▶ _How to complete this task_
Gather from the material every line that contains the string "Black".

▶ _The data_

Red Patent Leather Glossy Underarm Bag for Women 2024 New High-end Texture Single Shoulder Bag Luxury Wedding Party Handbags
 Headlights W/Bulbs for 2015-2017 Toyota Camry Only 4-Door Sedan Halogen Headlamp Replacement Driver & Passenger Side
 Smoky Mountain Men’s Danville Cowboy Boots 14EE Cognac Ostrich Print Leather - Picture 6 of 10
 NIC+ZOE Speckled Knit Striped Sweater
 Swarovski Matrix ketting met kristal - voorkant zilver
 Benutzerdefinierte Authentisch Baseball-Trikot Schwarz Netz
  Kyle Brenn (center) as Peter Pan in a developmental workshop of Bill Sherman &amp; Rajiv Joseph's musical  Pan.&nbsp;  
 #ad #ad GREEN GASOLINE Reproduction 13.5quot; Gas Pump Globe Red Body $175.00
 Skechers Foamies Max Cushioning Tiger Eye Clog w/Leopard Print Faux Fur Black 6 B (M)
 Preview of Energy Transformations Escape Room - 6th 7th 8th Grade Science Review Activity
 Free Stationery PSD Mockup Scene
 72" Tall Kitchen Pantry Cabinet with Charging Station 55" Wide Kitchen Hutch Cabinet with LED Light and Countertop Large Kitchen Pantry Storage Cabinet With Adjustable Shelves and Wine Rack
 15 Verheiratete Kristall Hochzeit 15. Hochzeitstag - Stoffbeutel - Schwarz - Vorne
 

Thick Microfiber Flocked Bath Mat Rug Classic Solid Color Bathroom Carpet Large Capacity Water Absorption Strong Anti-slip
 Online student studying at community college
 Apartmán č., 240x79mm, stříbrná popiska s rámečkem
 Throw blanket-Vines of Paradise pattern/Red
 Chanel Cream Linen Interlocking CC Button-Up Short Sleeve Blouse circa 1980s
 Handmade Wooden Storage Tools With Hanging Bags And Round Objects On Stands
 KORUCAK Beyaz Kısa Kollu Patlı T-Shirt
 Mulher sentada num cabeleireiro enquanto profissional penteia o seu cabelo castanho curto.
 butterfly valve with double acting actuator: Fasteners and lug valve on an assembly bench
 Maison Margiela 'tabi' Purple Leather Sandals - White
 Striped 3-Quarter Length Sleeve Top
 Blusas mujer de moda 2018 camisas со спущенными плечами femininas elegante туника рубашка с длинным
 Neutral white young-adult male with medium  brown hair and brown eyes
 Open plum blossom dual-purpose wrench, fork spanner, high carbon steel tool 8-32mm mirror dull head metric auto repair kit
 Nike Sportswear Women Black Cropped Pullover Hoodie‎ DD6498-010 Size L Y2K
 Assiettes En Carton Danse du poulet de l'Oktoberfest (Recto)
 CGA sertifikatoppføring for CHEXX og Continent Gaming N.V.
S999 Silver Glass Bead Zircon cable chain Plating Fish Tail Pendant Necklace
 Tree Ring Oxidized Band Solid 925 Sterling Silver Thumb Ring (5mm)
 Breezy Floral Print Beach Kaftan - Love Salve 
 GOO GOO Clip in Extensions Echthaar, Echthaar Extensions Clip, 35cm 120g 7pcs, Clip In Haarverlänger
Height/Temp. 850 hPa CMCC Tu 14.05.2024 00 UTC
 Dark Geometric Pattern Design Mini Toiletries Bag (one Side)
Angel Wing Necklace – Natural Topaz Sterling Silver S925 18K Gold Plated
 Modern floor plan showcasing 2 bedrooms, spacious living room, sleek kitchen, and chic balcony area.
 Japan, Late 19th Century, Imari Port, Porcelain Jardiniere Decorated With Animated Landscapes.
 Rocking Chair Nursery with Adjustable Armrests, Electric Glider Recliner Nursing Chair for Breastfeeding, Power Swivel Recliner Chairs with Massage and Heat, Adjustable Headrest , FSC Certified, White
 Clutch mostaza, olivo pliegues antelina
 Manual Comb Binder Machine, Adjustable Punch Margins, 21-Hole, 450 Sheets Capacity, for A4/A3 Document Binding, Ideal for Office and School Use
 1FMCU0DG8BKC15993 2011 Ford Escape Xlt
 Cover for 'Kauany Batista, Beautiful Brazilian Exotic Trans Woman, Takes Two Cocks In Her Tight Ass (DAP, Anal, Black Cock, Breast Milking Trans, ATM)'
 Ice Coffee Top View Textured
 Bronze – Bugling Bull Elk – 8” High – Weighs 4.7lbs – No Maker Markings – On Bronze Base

▶ _Response_
 Skechers Foamies Max Cushioning Tiger Eye Clog w/Leopard Print Faux Fur Black 6 B (M)
 Nike Sportswear Women Black Cropped Pullover Hoodie‎ DD6498-010 Size L Y2K
 Cover for 'Kauany Batista, Beautiful Brazilian Exotic Trans Woman, Takes Two Cocks In Her Tight Ass (DAP, Anal, Black Cock, Breast Milking Trans, ATM)'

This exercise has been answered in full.